NOAA's National Weather Service conferred its highest honor, the Isaac M. Cline Award, to James Franklin of Miami, a hurricane specialist at the weather service's National Hurricane Center. The award was presetned at the 2001 Atlantic Hurricane Season Opening news conference in Washington, D.C., on May 21, 2001. Franklin was recognized for improving the accuracy of hurricane forecasting through the innovative application of Global Positioning System technology.

Each year the weather service, a Commerce Department agency, recognizes employees for operational excellence in the delivery of products and services in support of the weather service mission. Franklin pioneered the analysis of data from the nation's hurricane hunting aircraft to measure the violent heart of the storm. The aircraft deploy dropwindsondes (for drop wind sounding) into hurricanes to measure barometric pressure, temperature, water vapor and wind speed as it falls through the atmosphere. They send data back to the aircraft and ultimately the National Hurricane Center, which uses the data in forecast models.
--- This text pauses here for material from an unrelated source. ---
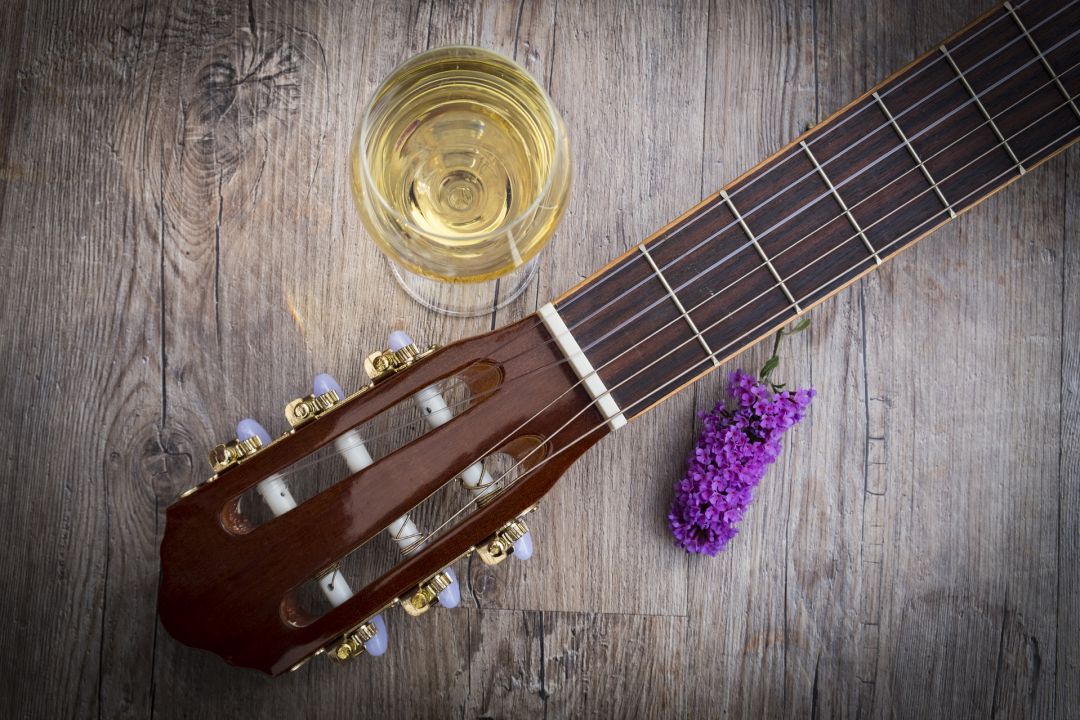 El vino siempre ha estado presente en la historia de la música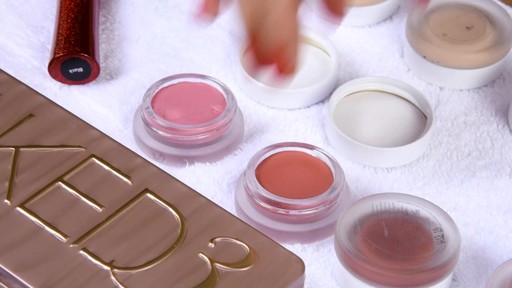 How to: New Nudes - image 4 from the video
"For years there have been debates in the scientific community about how to accurately assess a hurricane's maximum surface wind speed. James Franklin's research provides a detailed and accurate profile of the inner core of a hurricane–the most intense and turbulent part of a hurricane – from flight level down to the earth's surface," said retired Air Force Brig. Gen. Jack Kelly, weather service director, as he presented the award to Franklin.
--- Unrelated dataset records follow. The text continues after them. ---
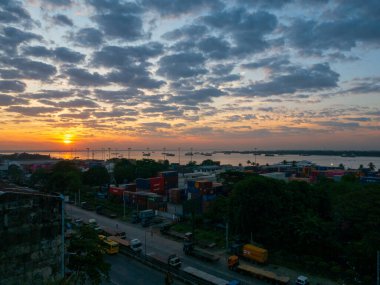 Manzarası dramatik güzel gün batımı gökyüzü. Doğal Günbatımı Karanlık Diyar 'ın gölgesinde. Kırsal kesimde gün batımında, şafakta, gün doğumunda canlı, dramatik bir gökyüzü. Gün batımında manzara Renkli Gökyüzü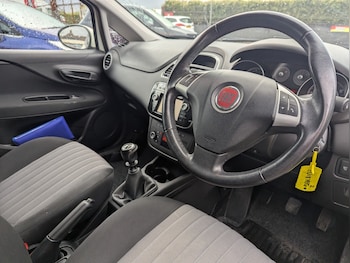 Used Fiat Punto 2018 for sale - 78558828: Photo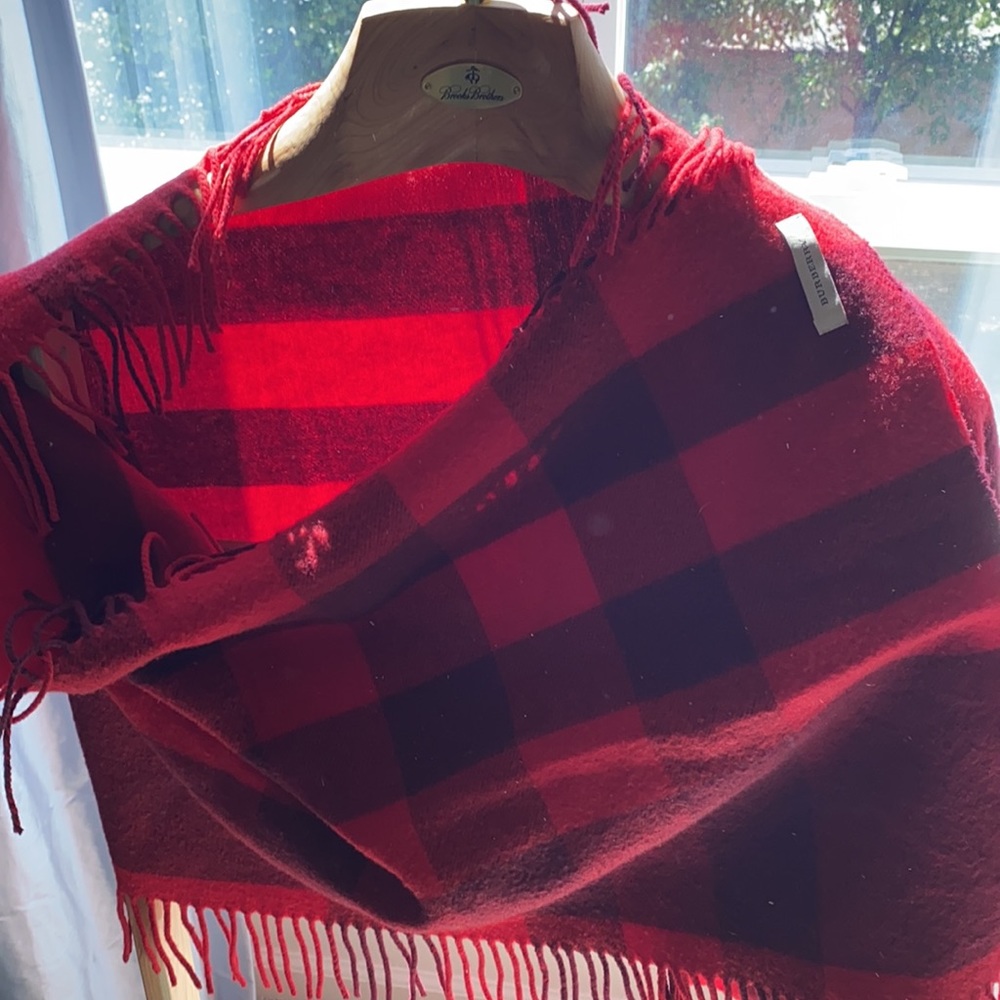 Burberry merino wool half mega check red scarf - Picture 2 of 5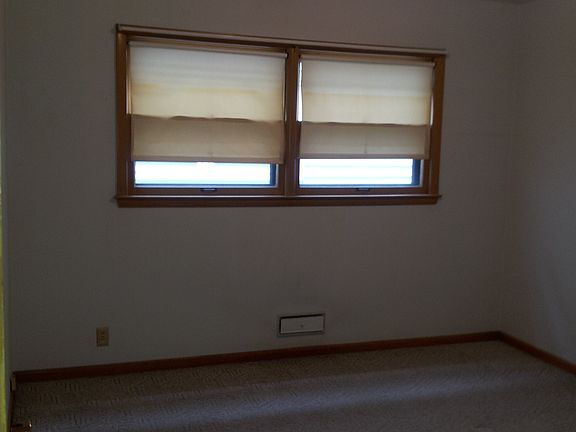 3rd image of 6832 W Carmen Ave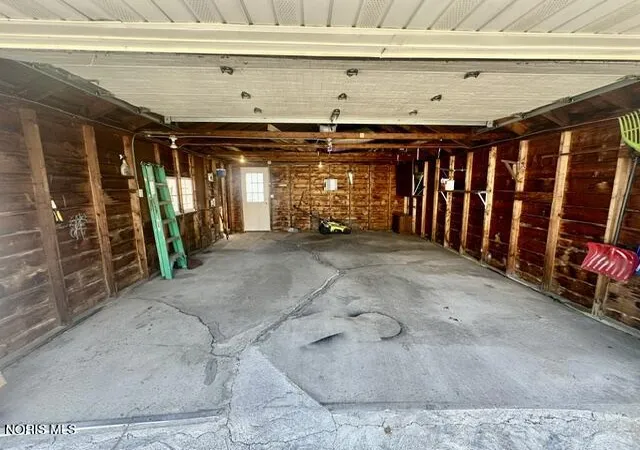 Photo 20 of Sale Pending at 190 Elm St, Rossford, OH 43460 | MLS# 10013537 | Listing updated on 2026-09-30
Armed with these data, NOAA scientists, along with other private and public meteorological organizations, can now measure the intensity and size of hurricanes with greater confidence and accuracy, and detect critical changes that occur in a hurricane's strength sooner than we could before, Kelly noted.

The practical implications of Franklin's analyses are wide ranging. Coastal residents living in high rise buildings, for example, should flee from rising storm surge water, but not take shelter in the middle and upper-floors of high rise buildings. The higher they go the more exposed they become to hurricane winds which increase with elevation. With more accurate hurricane assessments and forecasts, government officials and emergency managers can make more informed decisions regarding evacuation of coastal areas.
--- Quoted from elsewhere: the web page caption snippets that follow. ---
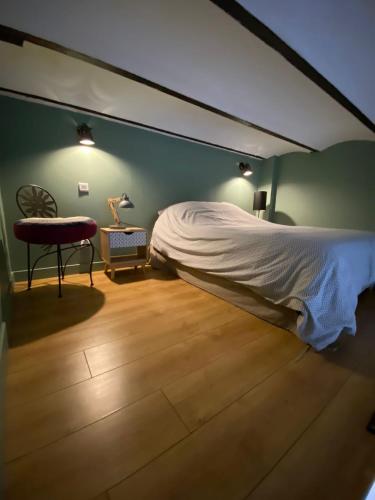 une chambre avec un lit, une chaise et une table dans l'établissement Studio côté cour, à Antibes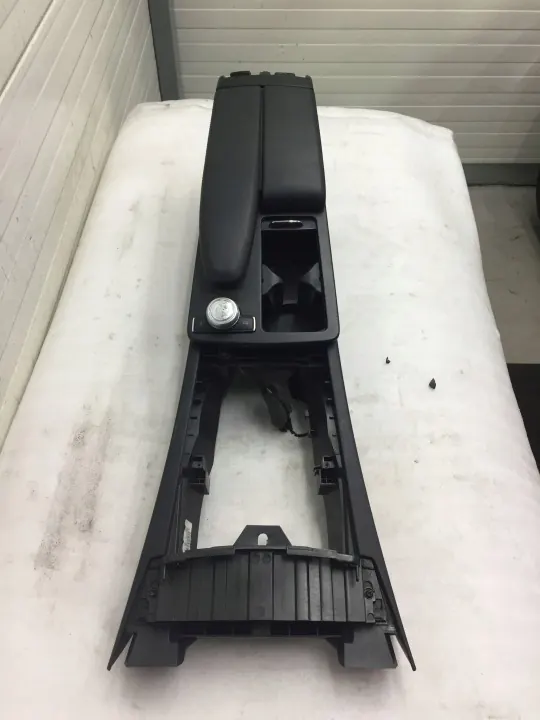 Accoudoir console centrale Mercedes C W204 OEM A2046800150 image 3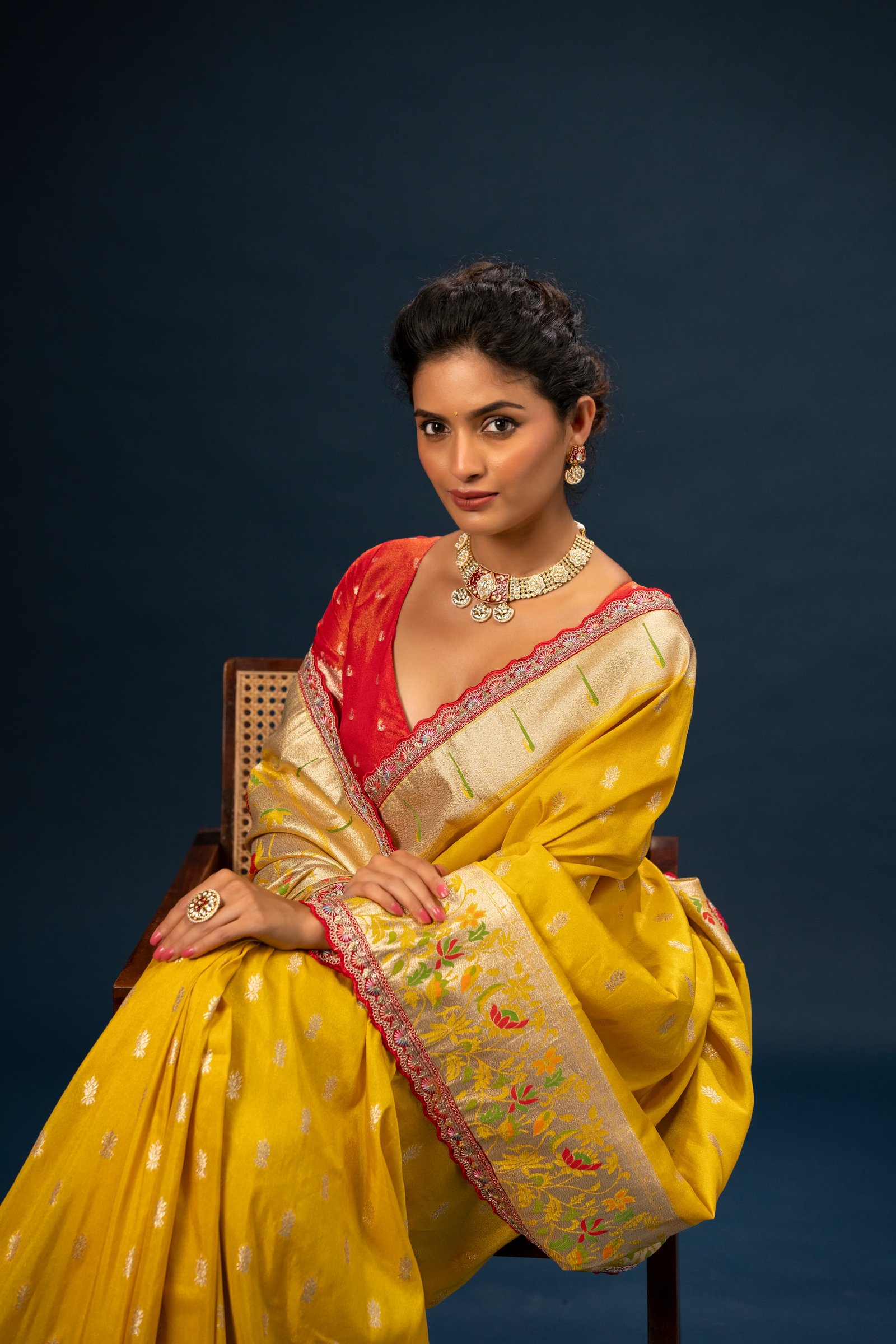 Pure Tissue Silk Zari Saree image 5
The Isaac M. Cline Award is named for the man whose courage and dedication is credited with savings thousands of lives during the Galveston, Texas, hurricane of September 8, 1900. Cline was in charge of the Weather Bureau Office in Galveston when the bustling seaport city was struck by the deadliest natural disaster in U.S. history. The death toll exceeded 8,000, but could have been much higher if not for Cline's understanding of the weather and his initiative in warning the public.

Franklin is one of six National Hurricane Center forecasters responsible for tropical cyclone forecasts and warnings for the Atlantic Ocean, Gulf of Mexico, Caribbean Sea, and the eastern North Pacific Ocean. He joined the Hurricane Center in 1999 after 17 years as a scientist with NOAA's Hurricane Research Division. During that time he made more than 80 hurricane "eyewall" -- the most intense and turbulent part of the hurricane -- penetrations aboard the NOAA WP-3D "Orion" hurricane hunter aircraft researching hurricane motion and structure.

Franklin, a native of Miami, has a bachelor's and a master's degree from the Massachusetts Institute of Technology. He has published more than 20 scientific articles on hurricane motion, inner-core structure, forecasting, and meteorological instrumentation.